Sicherlich ist es das Heitere, das ansonsten in der DDR -Kunst oft schmerzlich vermißte Spielerische, die Leichtigkeit der herzlichen Ironie, das krustenlose Selbstverständnis und die unverleugnete Bodenständigkeit (ein Wort, das zu Unrecht zu oft gemieden wird), dem das Fesselnde seiner Figurentabellen entspringt.

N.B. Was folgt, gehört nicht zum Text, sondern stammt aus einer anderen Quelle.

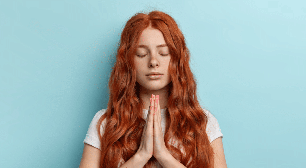 Está passando por um momento difícil? Conheça 7 preces espíritas para diferentes momentos da vida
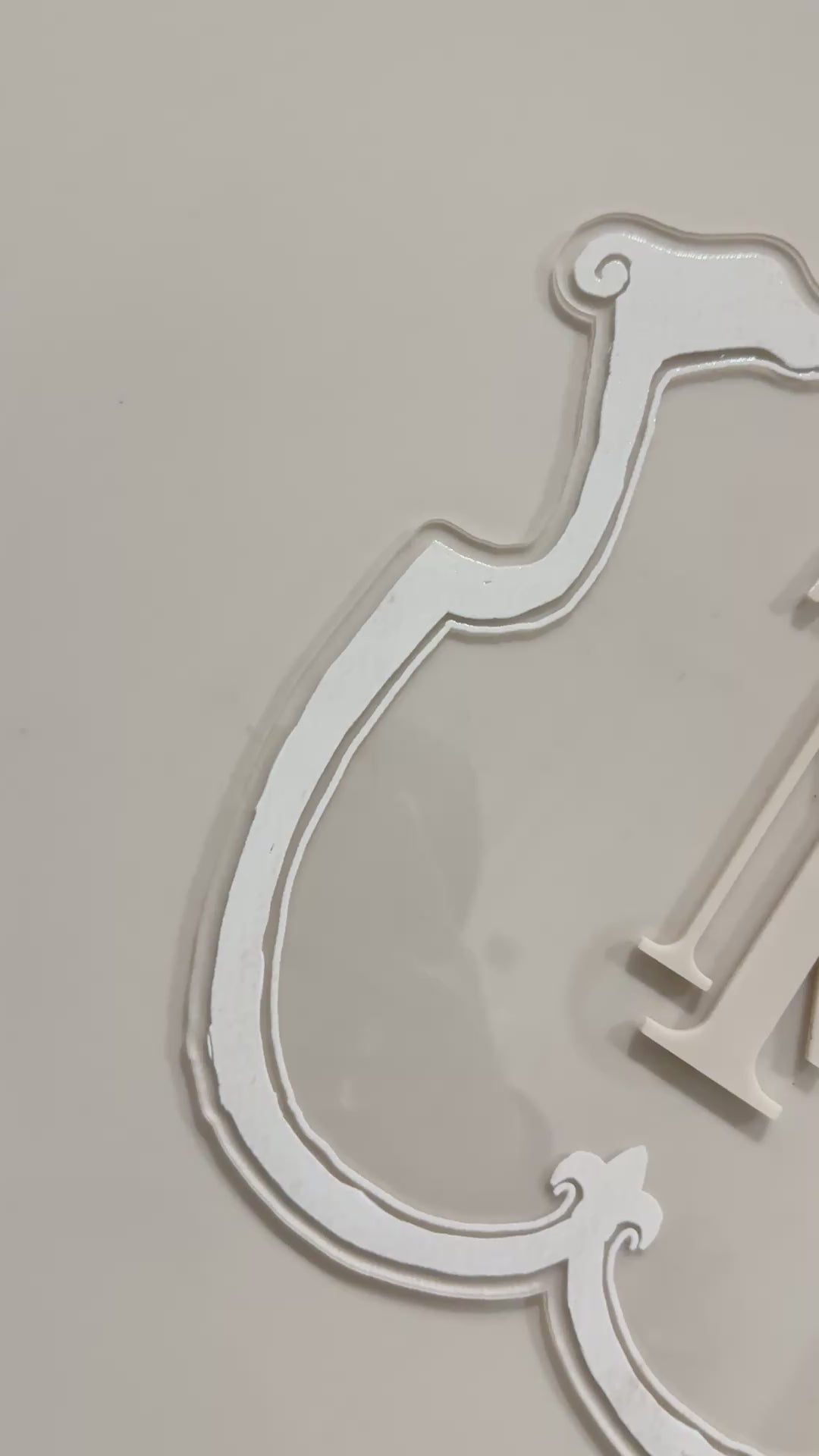 Luxury crest in Beige frame UV printed on clear acrylic, video clip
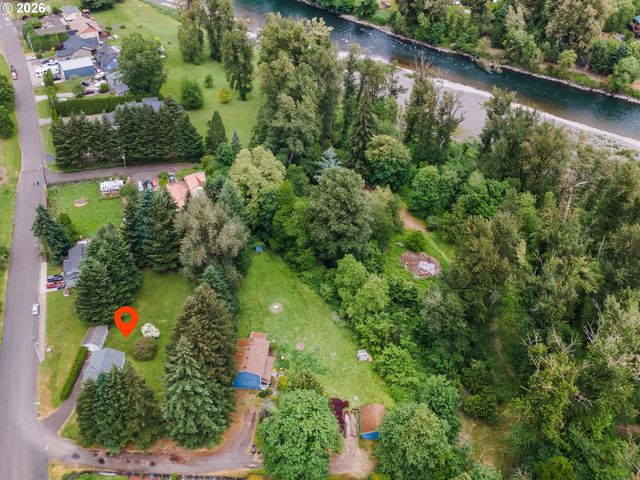 150 RIVER Ln, Gladstone, OR 97027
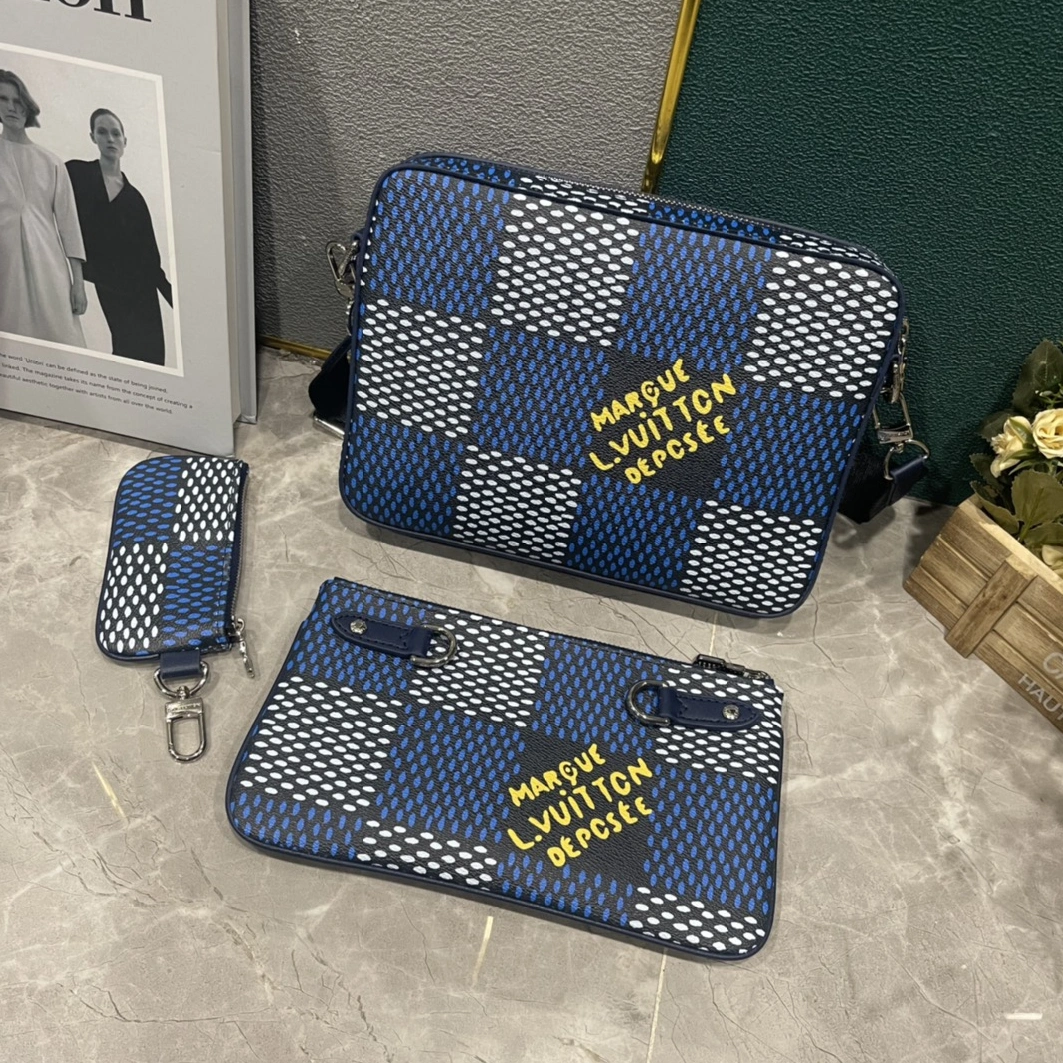 WellDesigned 5577 Louis Vuitton AAA Man Messenger Bags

Zimmermanns buchartig zusammengeklammerte, beidseitig mit Bildergeschichten bemalte und gebrannte Emailleplatten erfordern fast eine Besprechung für sich. Die Unverfrorenheit, mit der er ein eigentlich der Volkskunst zugewiesenes Material und dessen Veredelung für seine amüsanten Geschichtchen und Bildsammlungen benutzt, verrät genau jene kleinteilige Detailfreudigkeit und die Lust am Schaffensprozeß - nicht so sehr am anspielungsreichen Endprodukt -, die es uns möglich machen, zu dem trotz allem erdigen Timbre luftige Bilder so charmant zu assoziieren.

Zimmermann

kennt Sitte

Zimmermanns in lockerer Peinture gehaltenen pointilistischen, an Gerhard Richters Farbquadrate erinnernden Impressionen, die anekdotischen, jeden ästhetitizistischen Zierat entbehrenden Bildtagebücher, seine durch die Moderne nur formal inspirierten, aber im motivischen Kanon unzerstörten, fast an die Bitterfelder-Weg -Arbeiten eines W. Sitte (Chemiearbeiter am Schaltpult; übrigens war Willi Sitte Lehrer von Zimmermann auf der Halleschen Hochschule Burg Gibichenstein) erinnernden Bildannoncen, die unüberfrachteten rubikwürfelartigen, frei untereinander kombinierbaren Konstrukte - ergeben Teile einer DDR-Kunst, die nur allzu selten nach außen präsentiert und von dort noch seltener als „stillerer“ Teil einer sich ansonsten staatstragenden oder marktschreierisch -revolutionär gerierenden Malerei, als „Malerei an den Rändern“ akzeptiert wurde.

Zimmermann

kann gar nicht malen

Wer von Zimmermann akademische Verve und naturalistische Perfektion erwartet, erwartet eine durch Heiter-Kauziges angeregte Leichtverständlichkeit. Doch mitnichten: Zimmermann malt zwar in Ikonen, und seine Bildpattern - hier ist die Peitsche, dort ist der Löwe und da vorne der Mensch, also ist es Zirkus - sind sichtbar, doch knifflig wird die Sache, will man die ach so vielen Bildchen nach dem auf dem Rückbezüglichkeit beruhenden Erzählschema des Comics von links nach rechts und so weiter lesbar machen - da lacht sich Zimmermann ins Fäustchen. Es wird sich so mancher Besucher schon verarscht gefühlt haben, als er den Titel Nacktes Paar am Strand las und dann enttäuscht so ein wursteliges grünes Quadratallerlei entdecken mußte. Und weil er sich das nicht gefallen zu lassen brauchte, schrieb er in das Gästebuch einer Ausstellung: „Diesen Maler sollte man einer geordneten Arbeit zuführen„; und ein anderer war sich sicher: „Die Bilder von Z. sind das Letzte!“

Zimmermann

ist privilegiert

Wie man sieht, sind nicht nur die Perforierungsakrobaten im Besitz des Privilegs, mißverstanden werden zu dürfen. Bei Zimmermann sollte man sicht vielleicht auf die schwachbrüstige Formel „regionalistische Abstrakte“ einigen, unter der ganz sicher noch eine Reihe anderer interessanter Entdeckungen auf uns warten.

Volker Handloik

Dieter Zimmermann in der Kunsthandlung Maeder in Prenzlauer Berg, Dimitroffstraße 12, Berlin 1058. Noch bis zum 27. August. Maeder ist übrigens eine der wenigen neuen Galerien mit einem rein kommerziellen Interesse.